_PROBLEM DESCRIPTION_
Pictures excluded, reproduce exactly the lines below from the one with "Годинник Casio WS-1300H-2AVEF 302880 фото" through the one with "Renyahnya Tomat Krispi", both included.

_INPUT DATA_
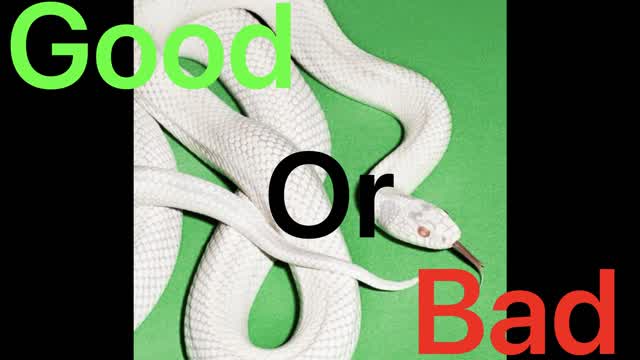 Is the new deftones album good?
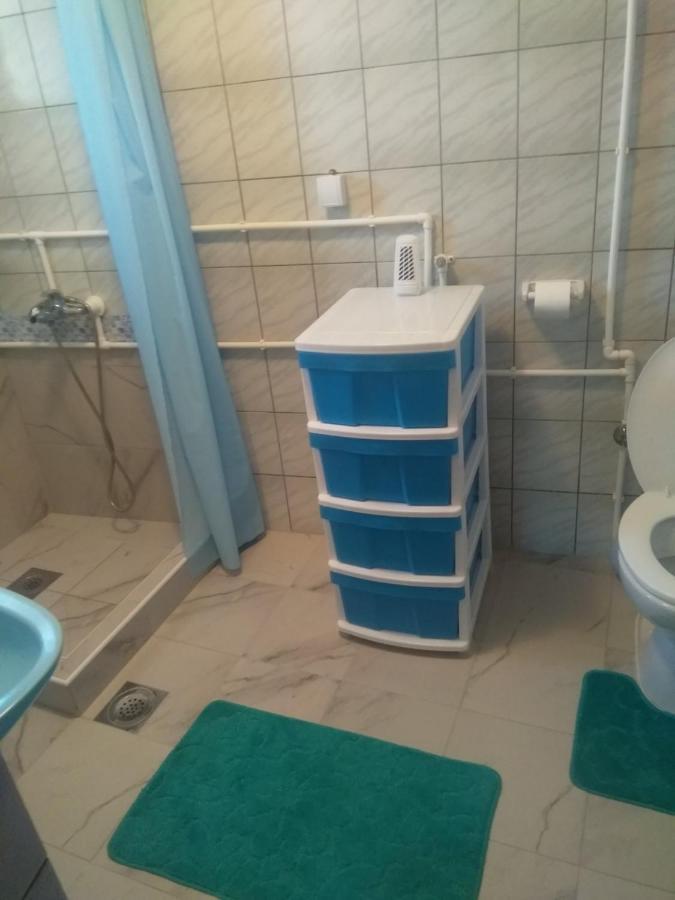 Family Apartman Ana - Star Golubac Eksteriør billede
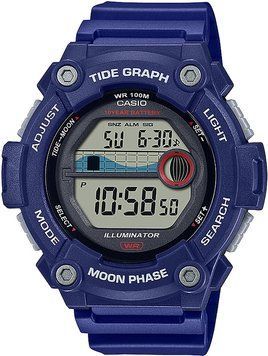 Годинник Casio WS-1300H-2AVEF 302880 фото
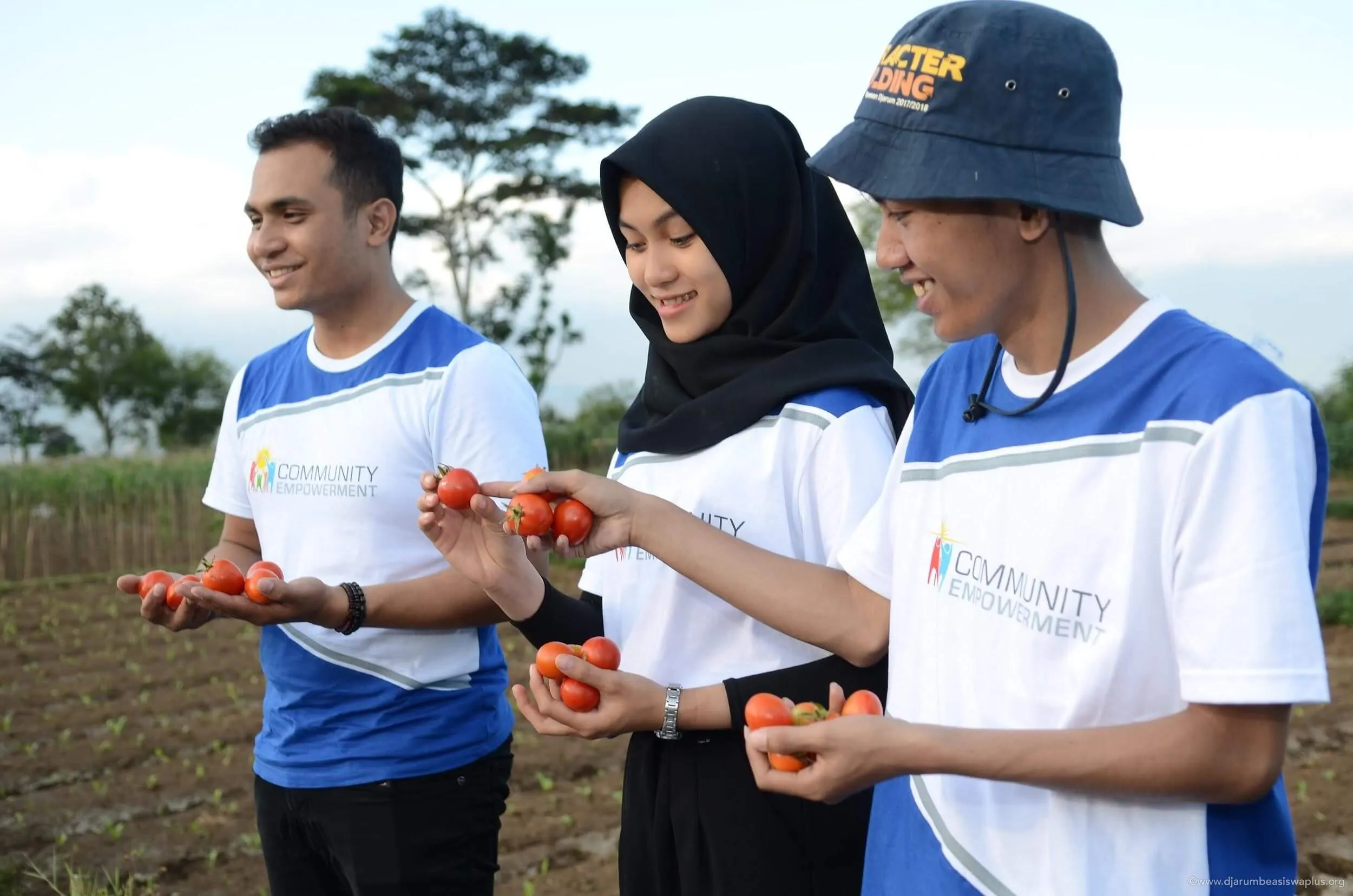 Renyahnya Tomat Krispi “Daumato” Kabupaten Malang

---

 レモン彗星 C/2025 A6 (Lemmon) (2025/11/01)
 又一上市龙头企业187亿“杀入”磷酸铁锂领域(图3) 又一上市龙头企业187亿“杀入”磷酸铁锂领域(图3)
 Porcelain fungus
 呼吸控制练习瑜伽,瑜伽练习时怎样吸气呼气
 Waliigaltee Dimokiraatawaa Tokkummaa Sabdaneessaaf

...

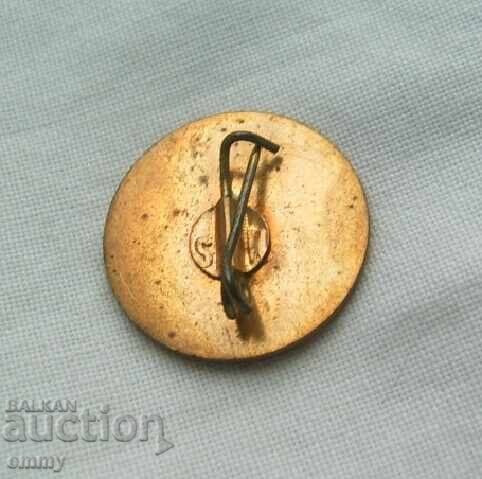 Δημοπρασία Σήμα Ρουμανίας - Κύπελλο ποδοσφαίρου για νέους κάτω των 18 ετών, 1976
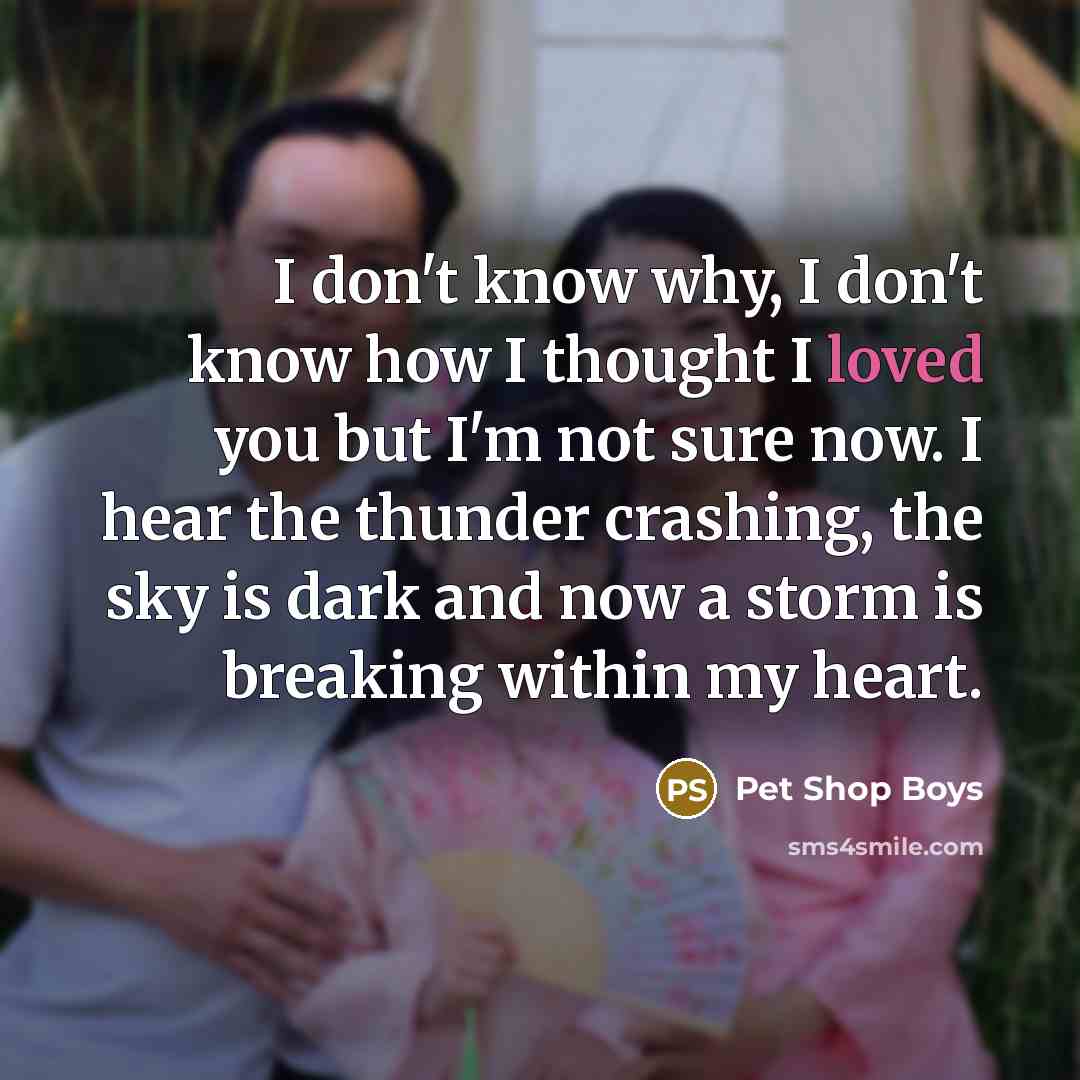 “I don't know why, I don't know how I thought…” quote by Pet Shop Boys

_SOLUTION FOR THIS TASK_
 Годинник Casio WS-1300H-2AVEF 302880 фото
 Renyahnya Tomat Krispi “Daumato” Kabupaten Malang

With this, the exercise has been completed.